One of the most important concepts in information security is the principle of least privilege. In this post, we explore what it is, how it works, how adhering to this principle benefits businesses, and how to implement the principle of least privilege in practice.
How the principle of least privilege works
The principle of least privilege (PoLP) is also known as the principle of minimal privilege (PoMP) or, less commonly, the principle of least authority (PoLA).
The main idea is that access to resources in a system should be organized in such a way that any entity within the system has access only to those that the entity requires for its work, and no more.
In practice, this could involve different systems and different entities within a system. Either way, in terms of applying the principle of least privilege to enterprise security, this can be restated as follows: Any user of the organization’s information infrastructure should only have the right to access the data that is necessary for performing their work tasks.
If, in order to perform certain tasks, a user requires access to information they currently don’t have, their permissions can be elevated. This elevation can be permanent – if required by the user’s role, or temporary – if it’s only necessary for a specific project or task (in the latter case, this is called “privilege bracketing”).
Conversely, when a user no longer requires access to certain information for some reason, their permissions should be lowered in accordance with the principle of least privilege.
In particular, the principle implies that regular users should never be granted administrator or superuser rights. Not only are such privileges unnecessary for the duties of the average employee, but they also significantly increase risks.
Why is the principle of least privilege needed?
The principle of least privilege helps improve access management, and generally hardens the security of the company’s information infrastructure. Here are some of the important security objectives that can be achieved by applying the principle of least privilege.
- Risk mitigation. By restricting access to the minimum necessary for users to perform their tasks, the likelihood of accidental or intentional misuse of privileges can be significantly reduced. This, in turn, helps lower the risks of successful perimeter penetration and unauthorized access to corporate resources.
- Data protection. Limiting access helps protect confidential data. Users only have access to the data required for their work, thereby reducing the likelihood of their gaining access to sensitive information or, worse, causing its leakage or theft.
- Minimizing the attack surface. Restricting user privileges makes it more difficult for attackers to exploit vulnerabilities and use malware and hacking tools that rely on the user’s privileges, thereby reducing the attack surface.
- Localizing security incidents. If an organization’s network is breached, the principle of least privilege helps limit the scope of the incident and its consequences. Because any compromised accounts have minimal rights, potential damage is reduced, and lateral movement within the compromised system or network is impeded.

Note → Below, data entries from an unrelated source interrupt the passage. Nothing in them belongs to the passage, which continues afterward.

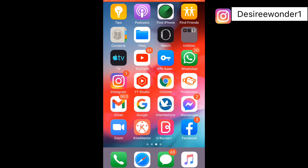Today's video we're not going to use any app like Bazaart or Pixar that we normally use. We're going to be using a website, okay, so let's get into this video and see how everything is going to play out.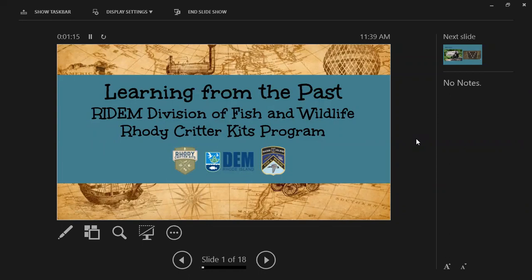Hi everybody, this is Mary Gannon with the Rhode Island Division of Fish and Wildlife, and this is the first of three tutorial videos for our Keeping the Balance Kit as part of our Rhody Critter Kits program. This kit focuses on human and wildlife interactions, how those interactions have changed over time, how human activities have impacted our wildlife populations, and how we manage and conserve wildlife today for a sustainable source of wildlife resources, whether for game management or non-game management.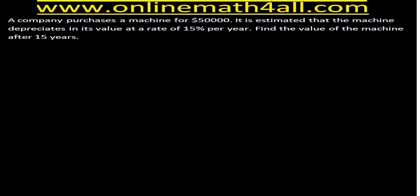Here we have the problem on the board. A company purchases a machine for $50,000. It is estimated that the machine depreciates in its value at a rate of 15% per year. Find the value of the machine after 15 years — that is, we have to find the value of the machine at the end of the 15th year.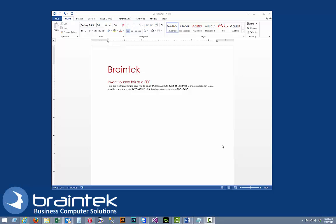Welcome to the Braintech video tutorials. My name is Greg. I'm the owner of Braintech. Today we're going to show you how to save a Word or Excel document as a PDF.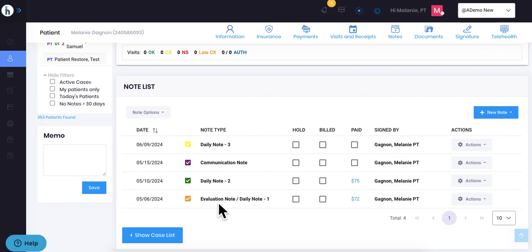Once a plan of care is faxed, it will turn into a green checkmark. A green checkmark indicates that the note has been finalized and is complete.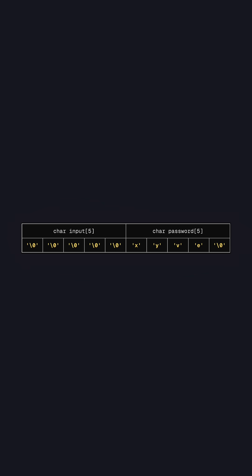This is how the memory looks like. The input variable is at a lower address and the password is at a higher address. And since we don't do any bounds checking if we put in 10 characters.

- Identifying users responsible for an incident. Minimizing privileges significantly narrows down the circle of users who could be responsible for an incident. This speeds up the identification of those accountable when investigating security incidents or unauthorized actions.
- Compliance with standards and regulations. Many regulatory requirements and standards emphasize the need for access control – particularly the principle of least privilege. Adhering to industry standards and best practices helps organizations avoid unpleasant consequences and sanctions.
- Increasing operational efficiency. Implementing the principle of least privilege reduces risks for the organization’s information infrastructure. This includes reducing downtime associated with security incidents, thus improving the company’s operational efficiency.
How to implement the principle of least privilege in your organization
Implementing the principle of least privilege in an organization’s information infrastructure can be broken down into a few basic steps and tasks:
- Conduct an inventory of resources, and audit the access rights users currently have.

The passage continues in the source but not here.